Write out the data again exactly, skipping every picture.

- - -

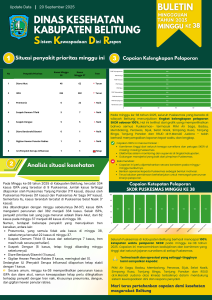 BULETIN SKDR MINGGU KE 38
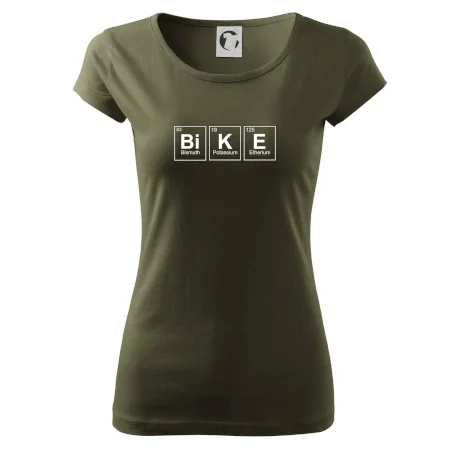 BiKE - periodická tabuľka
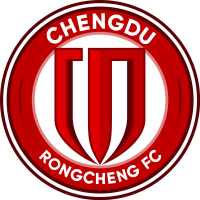 logo Chengdu Rongcheng
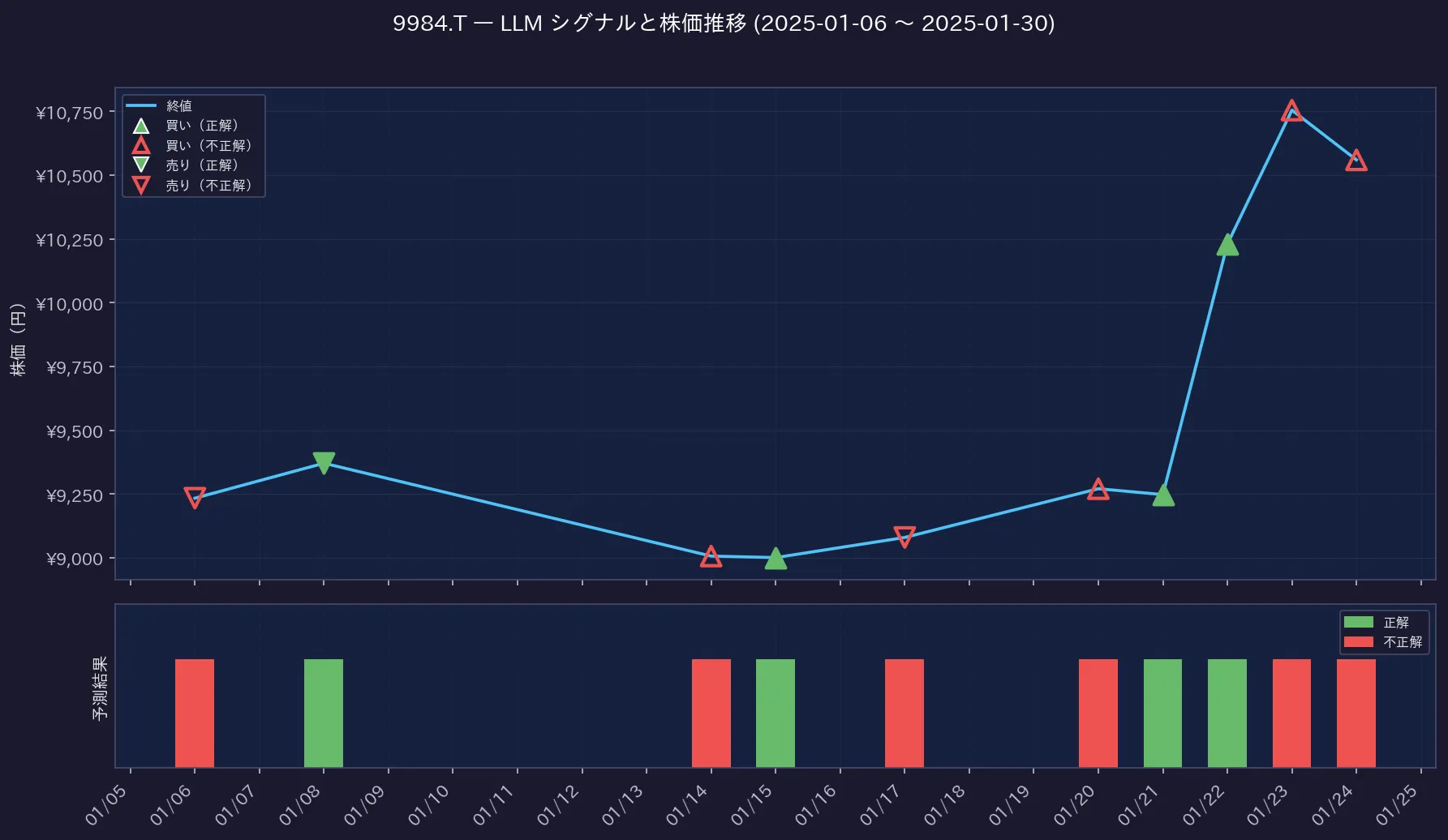 予測シグナルと株価推移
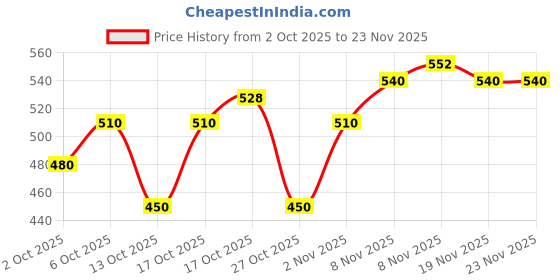 amazon.in Purrfeto Wet Cat Food with Ocean Fish in Gravy | 80g (Pack of 12) Price History Graph from 2 Oct 2025 to 19 Nov 2025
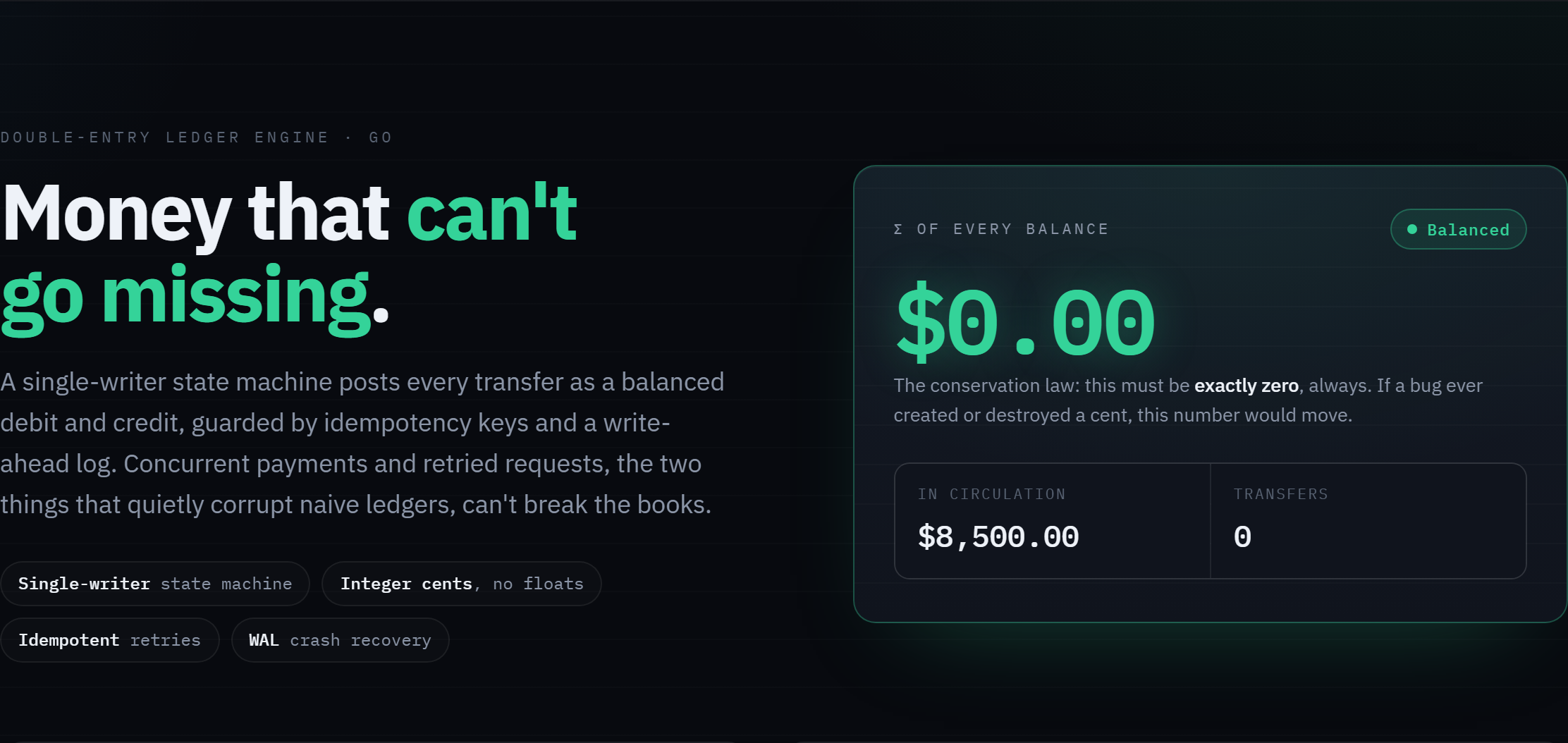 Tally dashboard: the ledger always sums to zero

- - -

▸ Solution for this problem
 BULETIN SKDR MINGGU KE 38
 BiKE - periodická tabuľka
 logo Chengdu Rongcheng
 予測シグナルと株価推移
 amazon.in Purrfeto Wet Cat Food with Ocean Fish in Gravy | 80g (Pack of 12) Price History Graph from 2 Oct 2025 to 19 Nov 2025
 Tally dashboard: the ledger always sums to zero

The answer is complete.